Engineers in Vienna have shrunk a working QR code down to a speck that's just 1.98 square micrometers across—small enough to require an electron microscope to read it, and also small enough to earn a place with Guinness World Records. Popular Science notes that the team at TU Wien didn't create the code as some sort of party trick: Instead, they see the microscopic pattern, etched into a super-thin ceramic film, as hope that ultra-durable data storage like this could outlast today's hard drives and Blu-rays.
Working with storage firm Cerabyte, researchers used focused ion beams instead of ink, cutting "pixels" just 49 nanometers wide—roughly a tenth the size of a wavelength of visible light, making them invisible even to most lab microscopes. Once the code was imaged and blown up on a screen, an ordinary smartphone was able to scan it. Because the ceramic material is extremely stable, the scientists say that an area the size of a sheet of printer paper that featured such codes could hold more than 2 terabytes of information—an updated version, they say, of carving messages in stone for future generations to read.

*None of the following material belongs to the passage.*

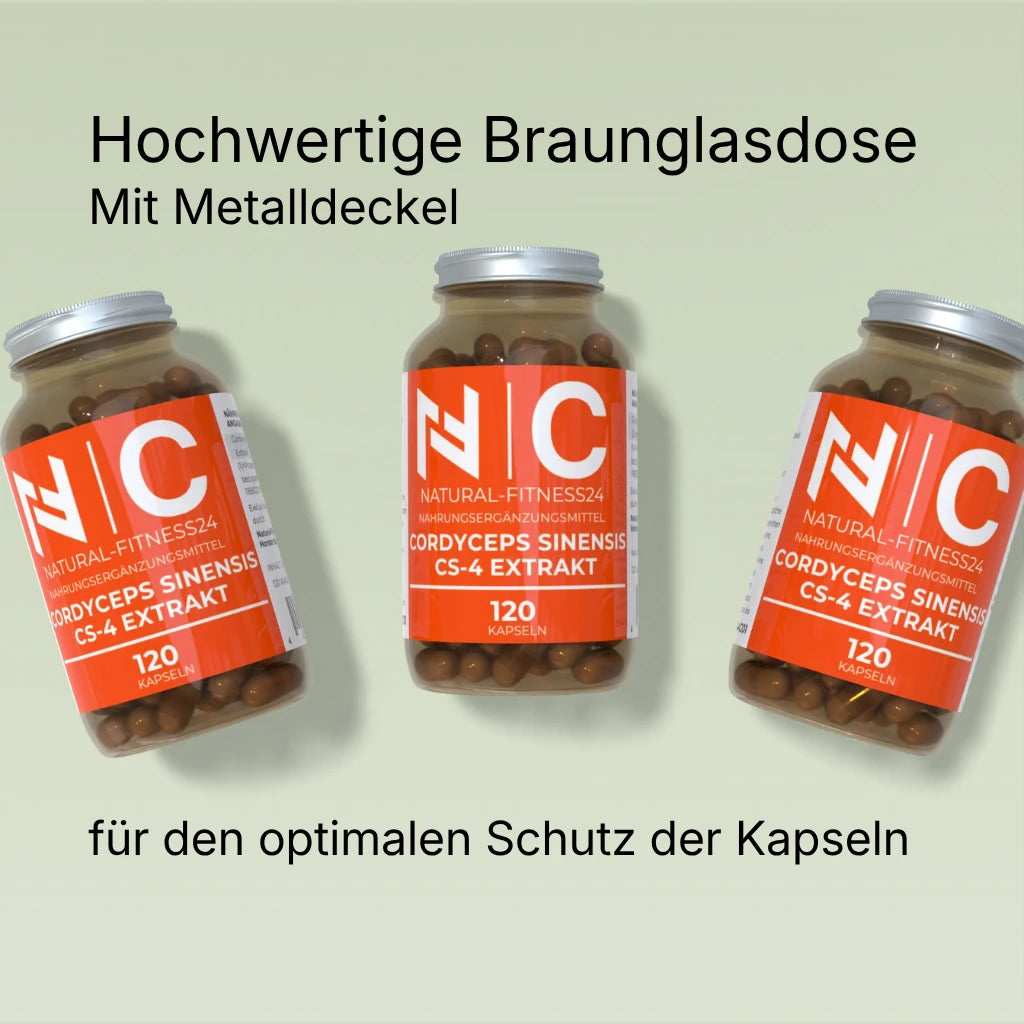 Cordyceps Extrakt Kapseln von Natural-Fitness24 in der Braunglasdose mit Metalldeckel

As for the Guinness achievement, ScienceAlert notes the new QR code is about one-third the size of the last record-holder. "The now confirmed world record marks just the beginning of a very promising development," says scientist Alexander Kirnbauer, per a release. "We now aim to use other materials, increase writing speeds, and develop scalable manufacturing processes so that ceramic data storage can be used not only in laboratories but also in industrial applications."